▶ [Web page caption snippets]:

————

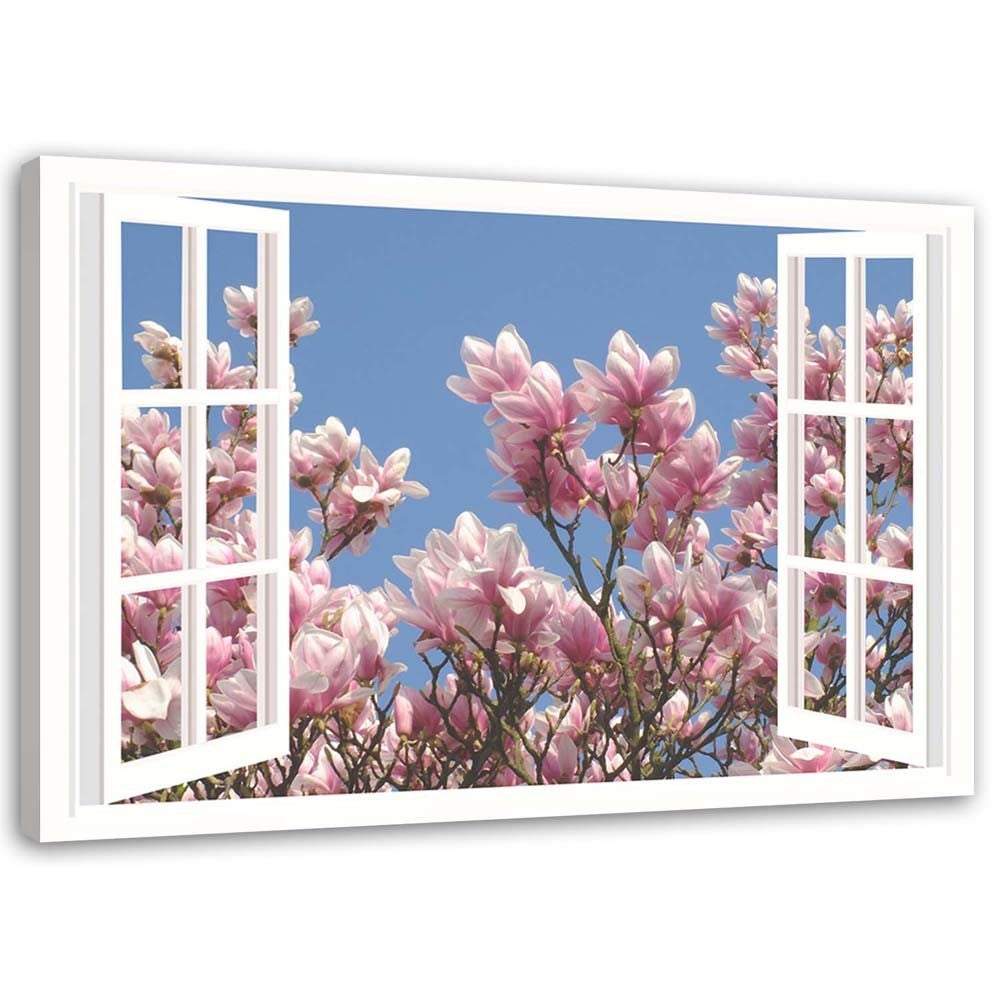 Obraz na płótnie, Kwitnąca magnolia za oknem 100x70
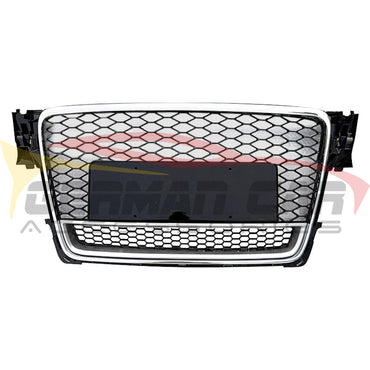 2009-2012 Audi Rs4 Style Honeycomb Grille With Lower Mesh | B8 A4/S4 Chrome Silver Frame Black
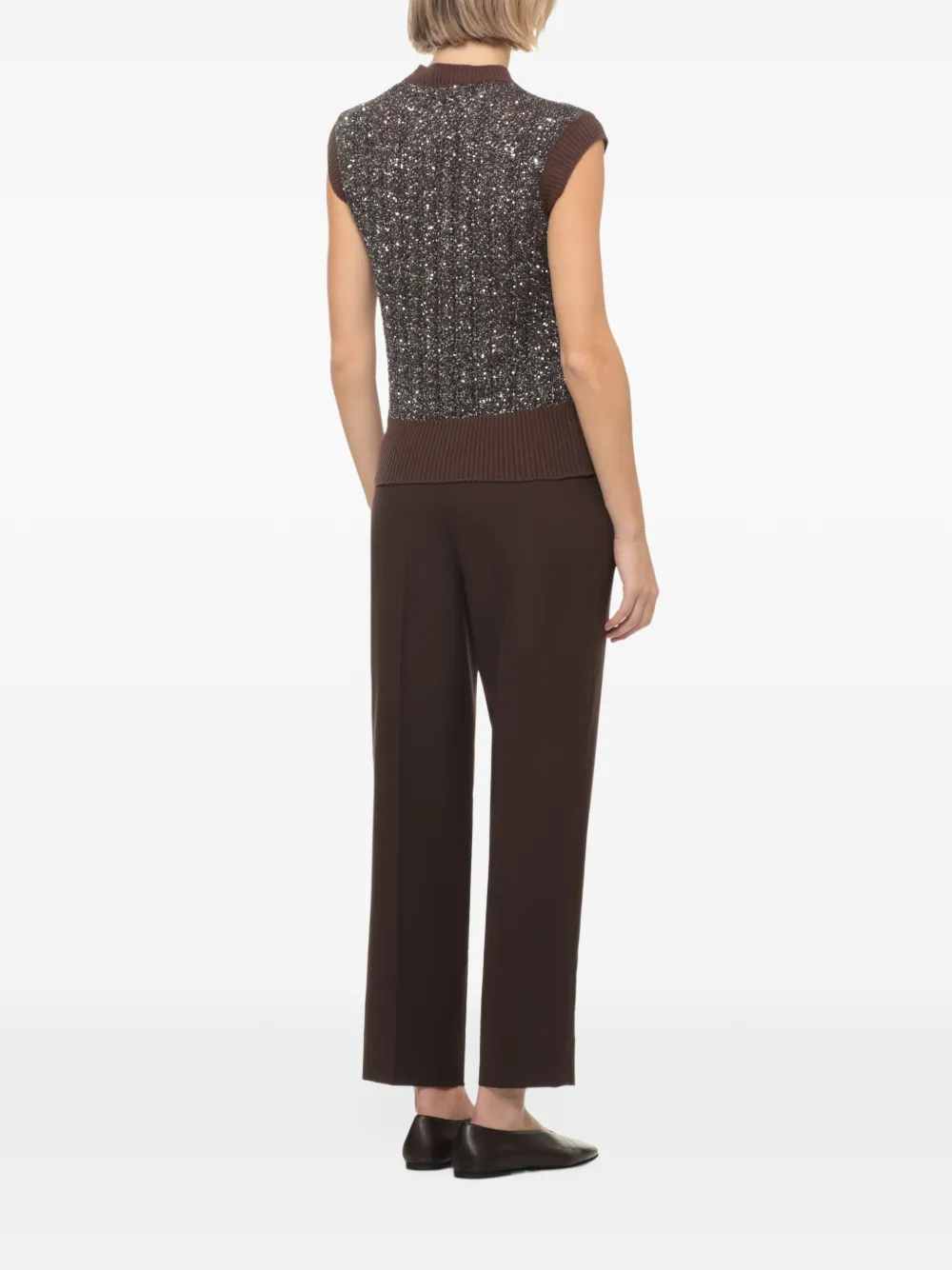 D.Exterior sequin-embellished cap-sleeve knitted top Bruin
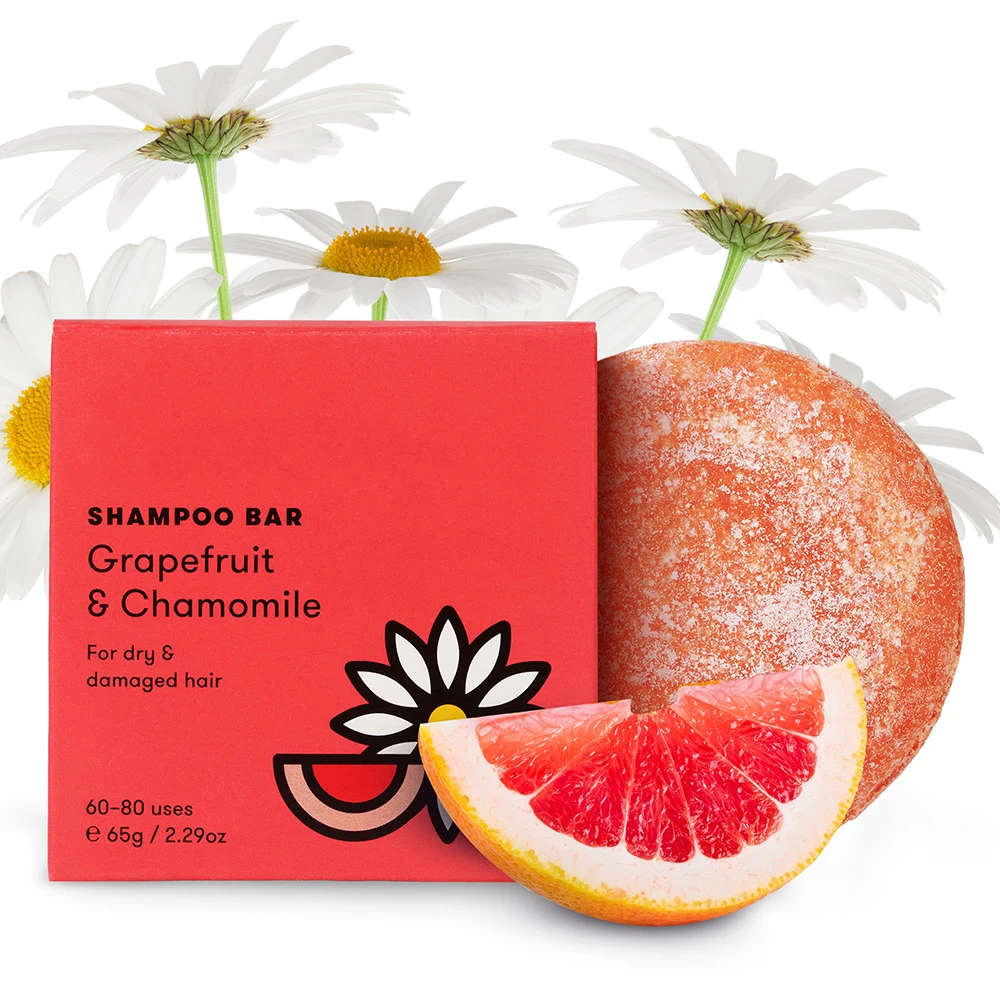 Hot OEM Grapefruit Chamomile Soild Shampoo Bar Soap For Damaged & Color Treated Hair Types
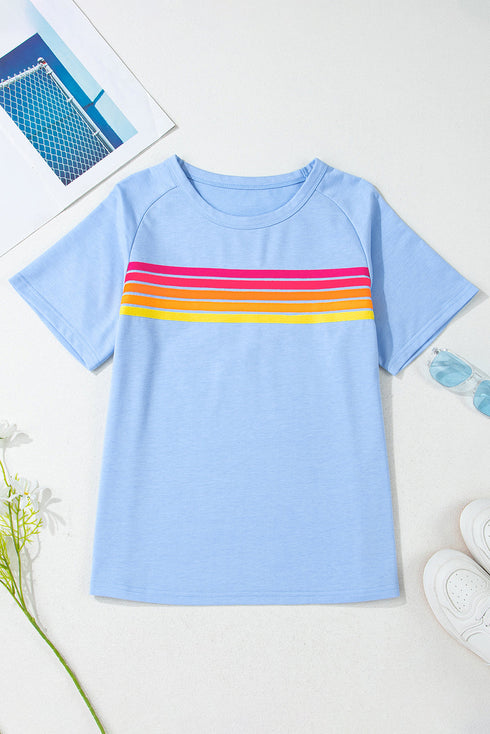 Striped Print Front Patch Pocket Casual Knit Tee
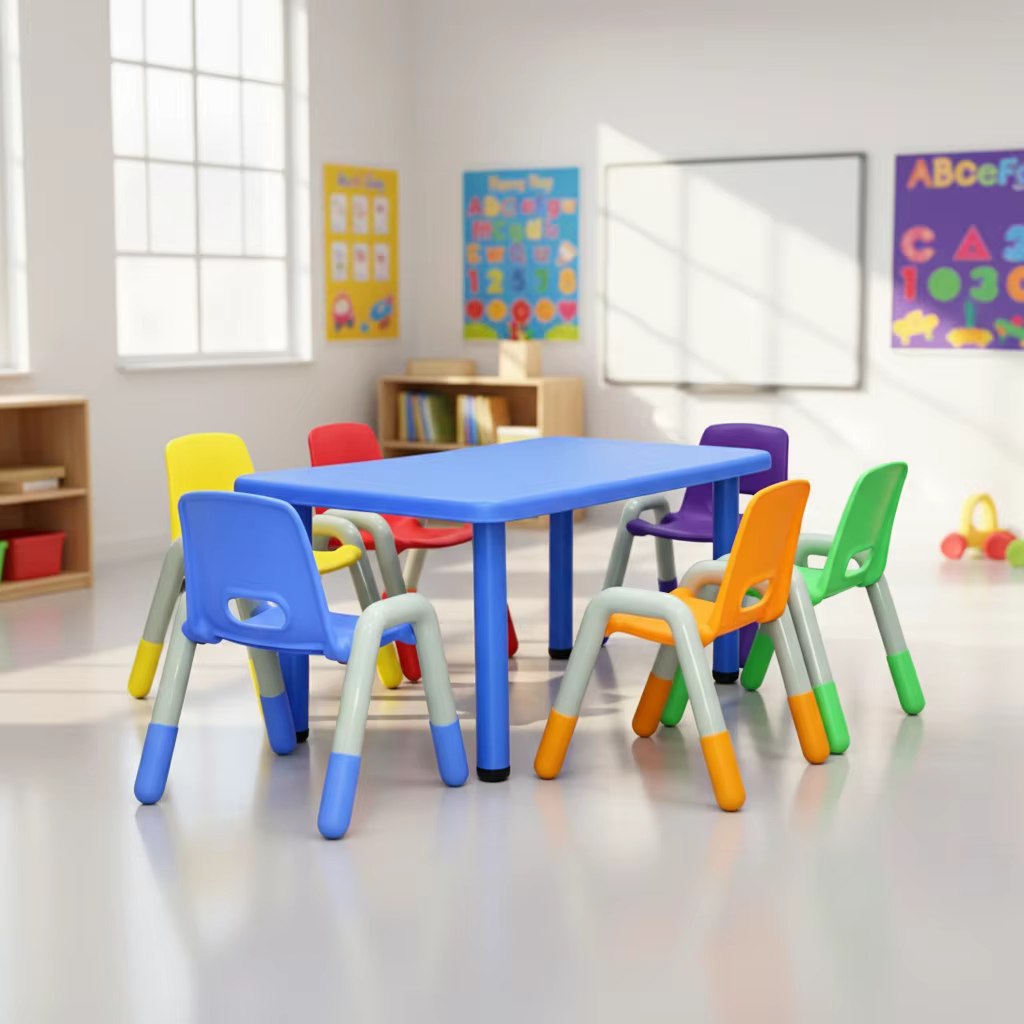 kg2005 1 kids study plastic desk with 6 chairs-1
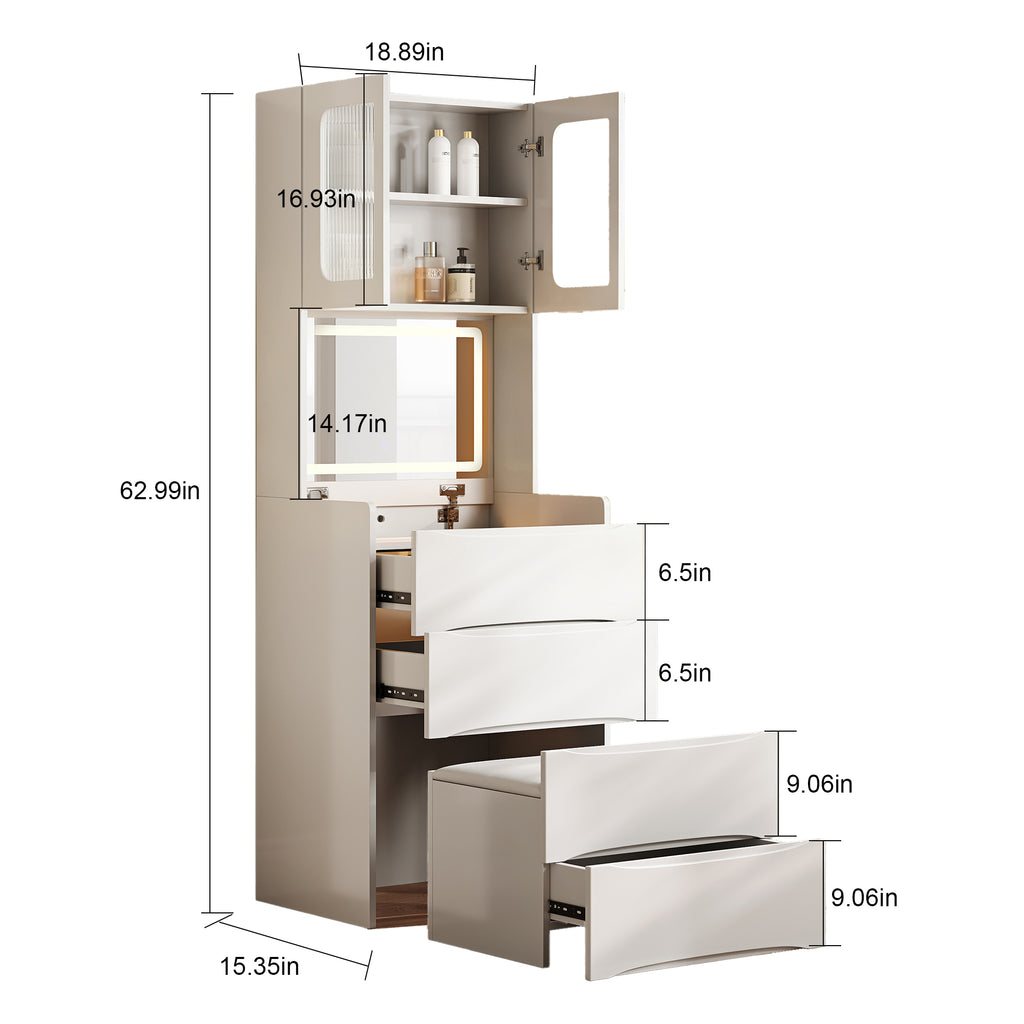 3-in-1 Vanity Table with LED Mirror & Storage Stool, Flip Top Makeup Dressing Table with Adjustable Lights, 5 Storage Spaces Cosmetic Organizer for Bedroom - Grand Goldman Shop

————

▶ [Problem requirements]:
Set down the entries shown above once more, exactly as they read, but without pictures.

▶ [Written answer]:
 Obraz na płótnie, Kwitnąca magnolia za oknem 100x70
 2009-2012 Audi Rs4 Style Honeycomb Grille With Lower Mesh | B8 A4/S4 Chrome Silver Frame Black
 D.Exterior sequin-embellished cap-sleeve knitted top Bruin
 Hot OEM Grapefruit Chamomile Soild Shampoo Bar Soap For Damaged & Color Treated Hair Types
 Striped Print Front Patch Pocket Casual Knit Tee
 kg2005 1 kids study plastic desk with 6 chairs-1
 3-in-1 Vanity Table with LED Mirror & Storage Stool, Flip Top Makeup Dressing Table with Adjustable Lights, 5 Storage Spaces Cosmetic Organizer for Bedroom - Grand Goldman Shop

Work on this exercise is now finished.